In the mid-1960s, for the first time, an orca was taken into captivity. Since then, perceptions of and attitudes towards orca have slowly changed. People have come to realise they are not the man-eaters they have been portrayed as. Orca have become creatures people want to see close up, and great money-spinners in aquarium shows and movies such as Free Willy. In some respects they have become a cult, with at least one individual orca even having its own website (http://reuniteluna.com/about.php).
While orca have not been hunted as extensively as other whales, many have still been taken. For instance, between 1938 and 1981, Norway took 2400 orca from around its shores. Their oil was used for paint and lubrication and their meat fed to foxes (farmed for their fur) and pets until cheaper foods were found.
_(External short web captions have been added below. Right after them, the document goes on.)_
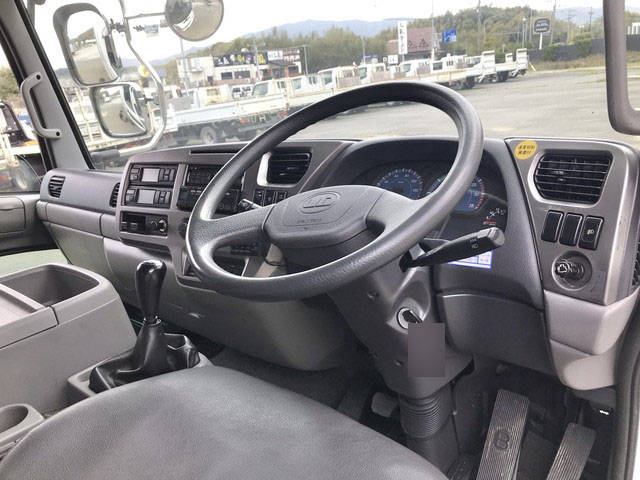 UDトラックスコンドル冷凍車（冷蔵車）増トン（6t・8t）[写真28]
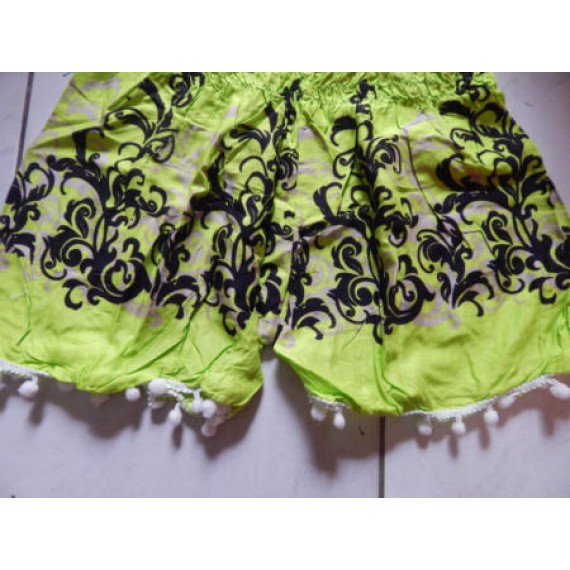 jual celana pendek hijau motif bunga dengan bola jnanacrafts jual celana pendek hijau motif bunga dengan bola jnanacrafts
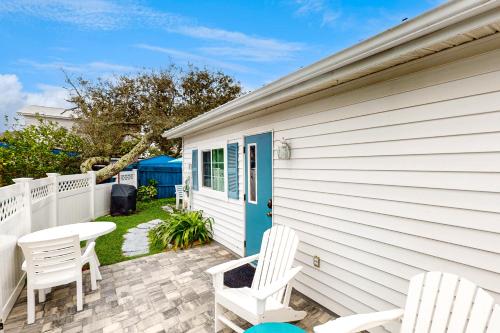Crescent Beach Bungalow in Crescent Beach Crescent Beach Bungalow in Crescent Beach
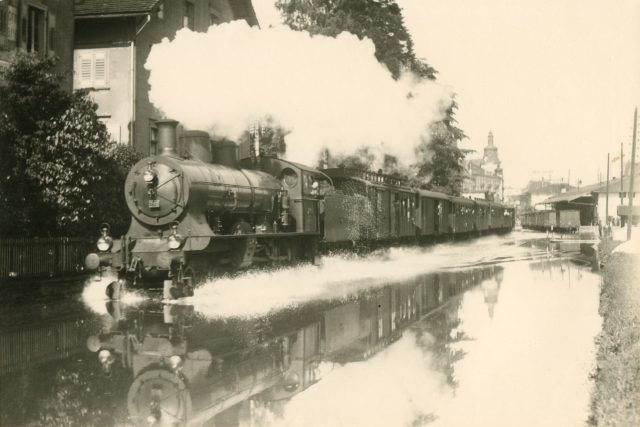 SBB-Dampfzug im Bodensee-Hochwasser beim Hafenbahnhof
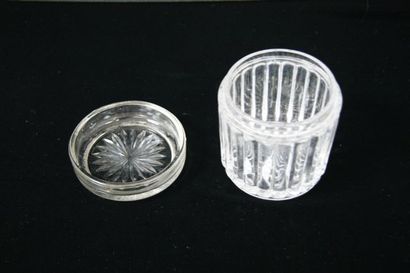 null SAINT LOUIS Boîte en cristal moulé. 10,5 x 9 cm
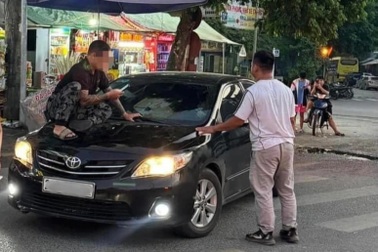Người đàn ông nhảy lên nắp capo ô tô nghi bắt ghen vợ ngoại tình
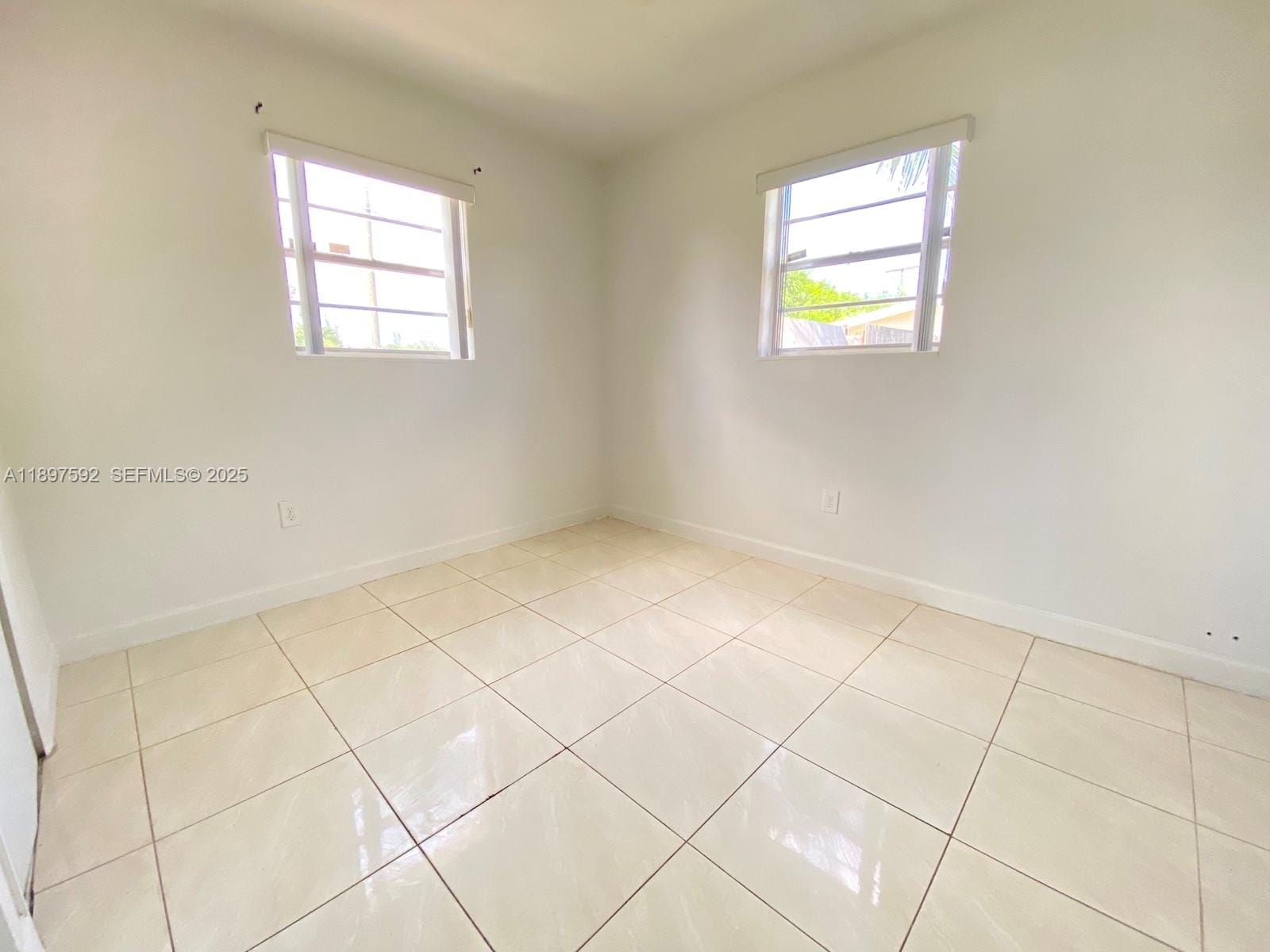 1121 NE 214th Street, Miami, FL 33179 photo 13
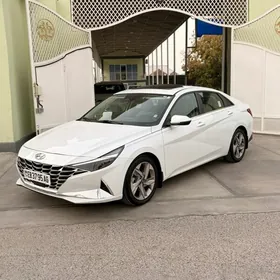 Hyundai Elantra 2021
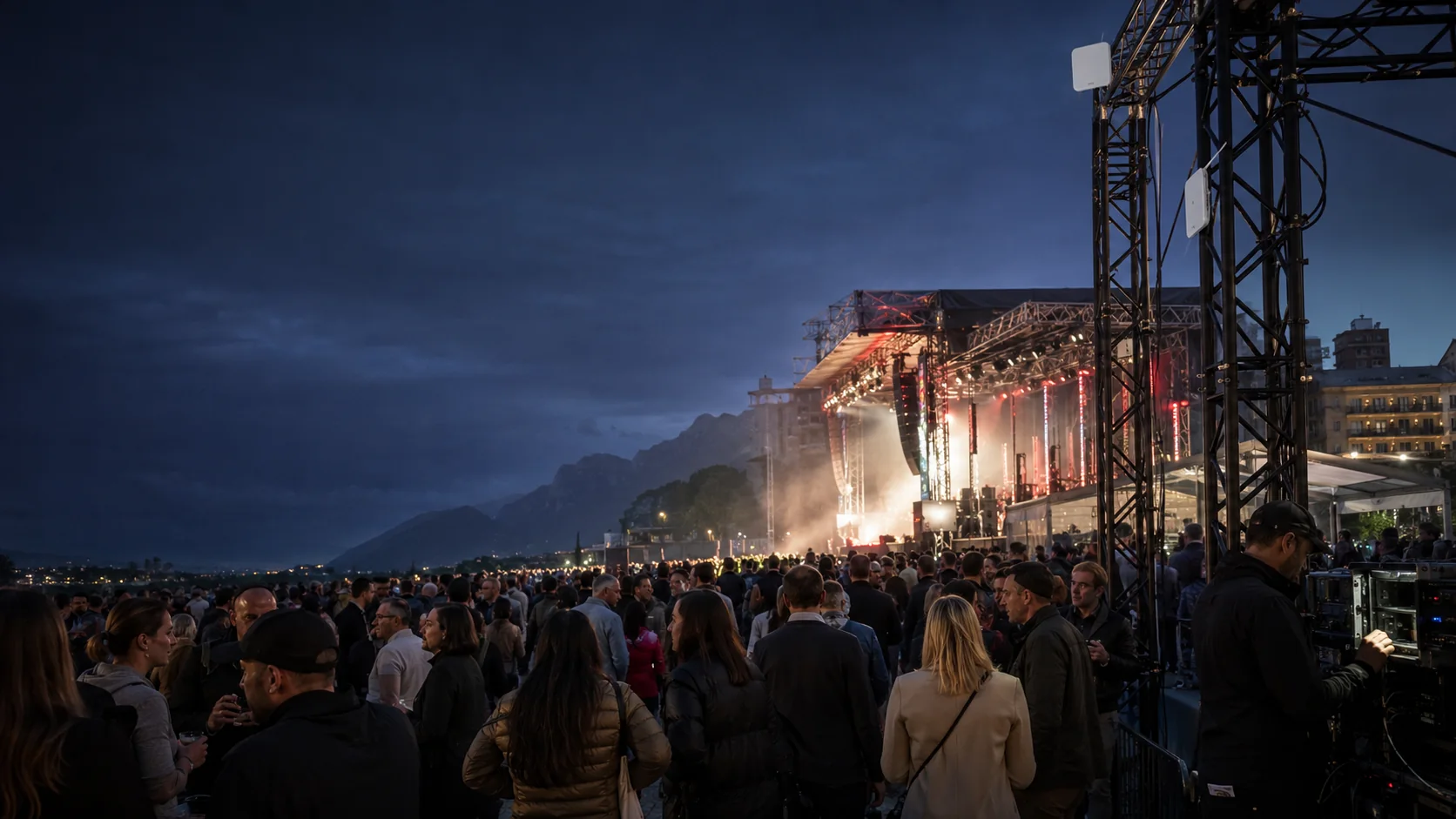 Grossveranstaltung mit installierten Access Points und betreuter Event-Infrastruktur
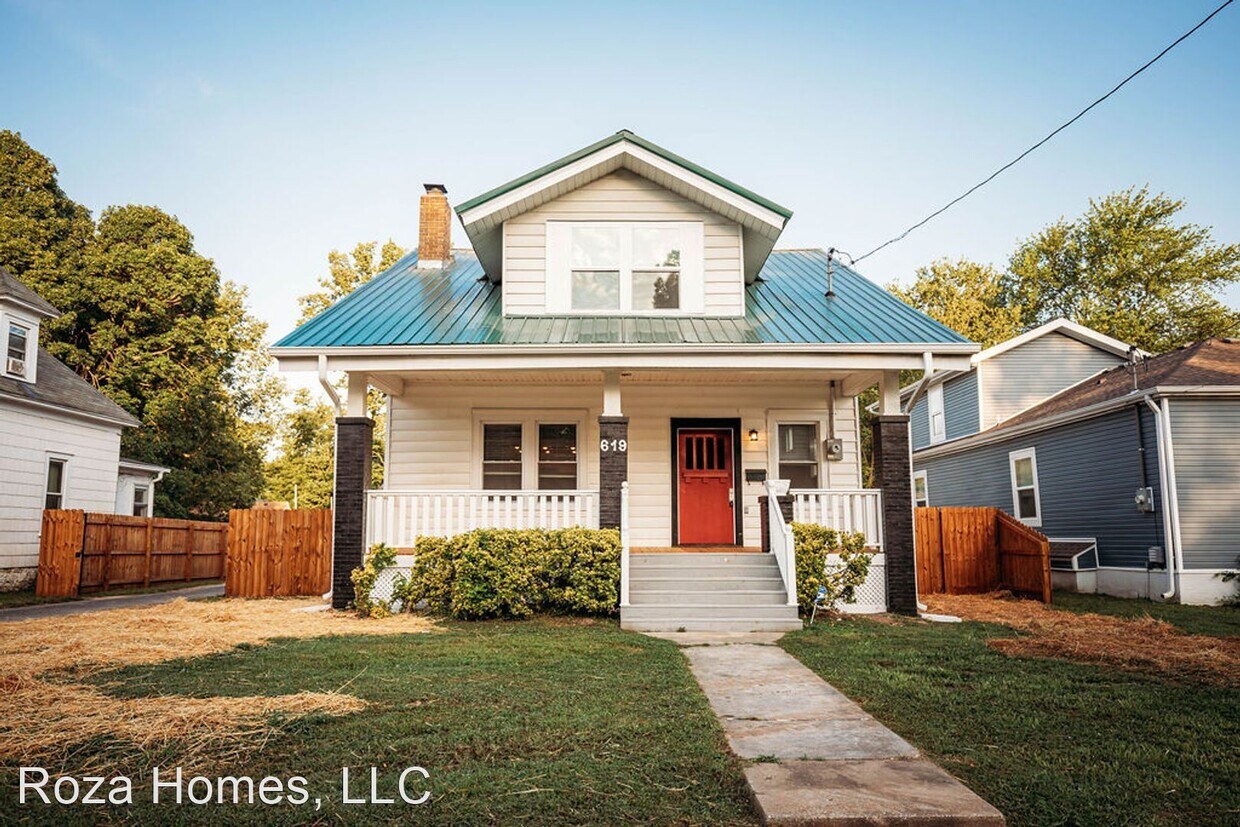 Primary Photo - 4 br, 2.5 bath House - 619 S Grant Ave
In various places around the world, orca have also been used for military target practice and killed to conserve fish stocks. In one infamous event, the US Navy destroyed hundreds of orca off Iceland with machine guns, rockets and depth charges, citing the need to protect fishing nets and fish stocks. A few orca were taken in New Zealand waters, mostly by the Peranos family (see New Zealand Geographic, Issue 60) during quiet periods at the Tory Channel whaling station, where, ironically, one of the whaling boats was called Orca.
Orca are still targeted in the seas around Indonesia, Japan, Iceland, Norway and, primarily by Russians and Japanese, Antarctica, and even recently their meat, which resembles bull beef, and blubber have been sold in supermarkets in Japan.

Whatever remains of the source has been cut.